Short descriptive text snippets:
---------------
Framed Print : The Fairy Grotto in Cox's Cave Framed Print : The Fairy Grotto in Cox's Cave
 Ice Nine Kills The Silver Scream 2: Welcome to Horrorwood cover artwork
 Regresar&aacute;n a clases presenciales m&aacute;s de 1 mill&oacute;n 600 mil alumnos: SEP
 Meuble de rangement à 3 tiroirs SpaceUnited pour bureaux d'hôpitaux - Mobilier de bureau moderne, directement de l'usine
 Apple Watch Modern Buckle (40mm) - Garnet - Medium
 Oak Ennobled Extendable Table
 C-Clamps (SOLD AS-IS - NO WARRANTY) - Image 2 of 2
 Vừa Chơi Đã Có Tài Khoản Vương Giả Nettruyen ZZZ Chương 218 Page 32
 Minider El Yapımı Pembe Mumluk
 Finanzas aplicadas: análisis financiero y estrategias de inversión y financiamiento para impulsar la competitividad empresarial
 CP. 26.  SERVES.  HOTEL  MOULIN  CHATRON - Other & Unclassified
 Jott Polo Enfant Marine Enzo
---------------
### [YOUR INSTRUCTIONS]
Every record should be given again exactly.

### [TASK RESPONSE]
Framed Print : The Fairy Grotto in Cox's Cave Framed Print : The Fairy Grotto in Cox's Cave
 Ice Nine Kills The Silver Scream 2: Welcome to Horrorwood cover artwork
 Regresar&aacute;n a clases presenciales m&aacute;s de 1 mill&oacute;n 600 mil alumnos: SEP
 Meuble de rangement à 3 tiroirs SpaceUnited pour bureaux d'hôpitaux - Mobilier de bureau moderne, directement de l'usine
 Apple Watch Modern Buckle (40mm) - Garnet - Medium
 Oak Ennobled Extendable Table
 C-Clamps (SOLD AS-IS - NO WARRANTY) - Image 2 of 2
 Vừa Chơi Đã Có Tài Khoản Vương Giả Nettruyen ZZZ Chương 218 Page 32
 Minider El Yapımı Pembe Mumluk
 Finanzas aplicadas: análisis financiero y estrategias de inversión y financiamiento para impulsar la competitividad empresarial
 CP. 26.  SERVES.  HOTEL  MOULIN  CHATRON - Other & Unclassified
 Jott Polo Enfant Marine Enzo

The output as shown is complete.